People in newly qualified teaching jobs often face the same trials and tribulations as more experienced teachers, but few have come to the realisation that they have a built-in support network right at their very fingertips - their fellow teachers and other colleagues.
Interacting and becoming more involved with the academic community can be a great way to help NQTs ease into their new positions and help manage classrooms both effectively and with the poise and grace necessary to succeed throughout a lifetime of teaching. If you haven't yet landed your NQT role, you'll benefit from our NQT job interview questions and tips.
Networking in teaching.
One of the first ports of call for many newly qualified teachers is joining a union. This will, of course, automatically link teachers with the most knowledgeable minds possible when it comes to various tips and tricks for teaching success. Joining a union sometimes costs a fee, as is the case with the National Union of Teachers in the United Kingdom, the largest teacher's union in the country, which costs £1/year. However, membership with the NUT will provide newly qualified teachers with all of the resources necessary to gain further insight into classroom management, behavioural issues, and other challenges they might be facing in the classroom. These are widely available as digital downloads for registered teaching members and are available at any time of the day.
The NUT is not the only union in the United Kingdom though. The Association of School and College Leaders (ASCL), which targets those holding higher positions within schools like the head teacher, and the Association of Teachers and Lecturers (ATL) also offer differing levels of membership and support for teachers and can be valuable resources.
Unions are not the only prospective connection when it comes to networking with fellow academic professionals. Teachers can simply reach out into the academic community around them in order to find the most effective leads for their needs.
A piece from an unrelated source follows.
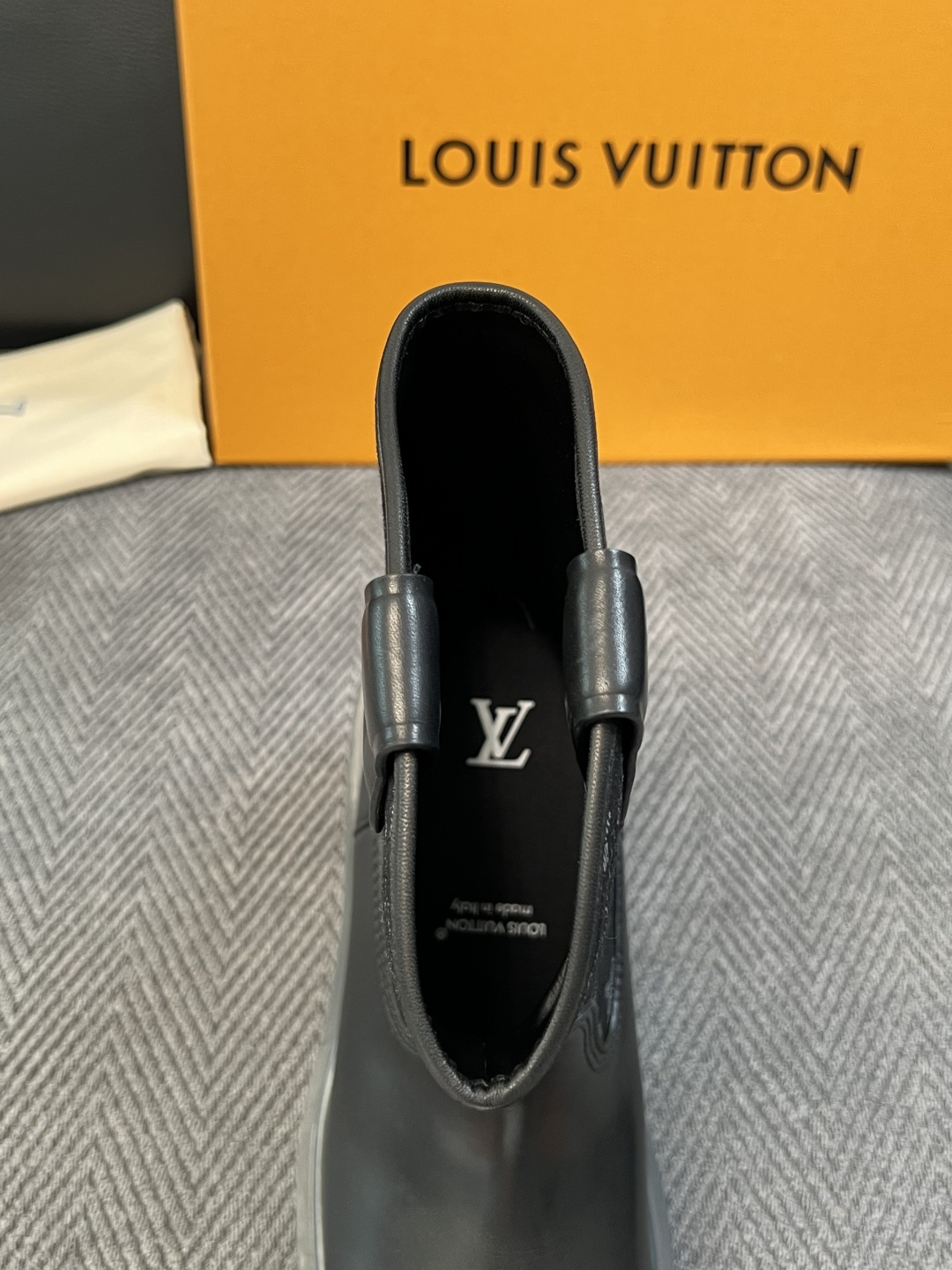 Lv  高品质  顶级工艺品  路易威登，高帮靴子专柜同步，鞋面意大利进口，高品质拼接缤纷色彩复杂工艺品，进口水染牛里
Teachers who are intimately involved in the school where newly qualified teachers are serving can prove to be the vital link for their own success, since these teachers will have the highest level of insight into what happens at their school and can offer the most relevant tips for any pressing situations that teachers are facing.
This is especially important when teachers are faced with an issue that seems common to a wider range of teachers or within multiple classrooms, like a named problematic student or universal issue with an administrative fault. Other wider contacts will not be able to offer personalised insight into these issues, since they will not have the pertinent details surrounding the issues. Any insight gained from an external source might not be immediately applicable to what the questioning teachers are facing.
How to succeed in NQT jobs.
Teachers might also want to consider using the power of the Internet to network with fellow teaching professionals. Social websites including LinkedIn and Twitter can be valuable resources when it comes to meeting teachers on a less intimate basis, which can appeal to some teachers who are hesitant about approaching their colleagues within their own academic setting. This does not necessarily mean that it should form the only basis of communication between teachers, but it can prove itself to be a valuable starting point for some who are not sure of where to turn.
The wider community.
Teachers do not necessarily need to communicate only with schoolteachers. The wider community can provide appropriate links between positions of mentoring and leadership with learners and might prove themselves more comfortable contacts for newly qualified teachers. Reaching out to religious service people, club organisers, trainers, or similar positions might prove itself to be a useful resource. While the ability to communicate on a more academic level will be absent, that is not to say the messages these individuals have to say will be useless. However, they might require a degree of tailoring to suit the academic setting.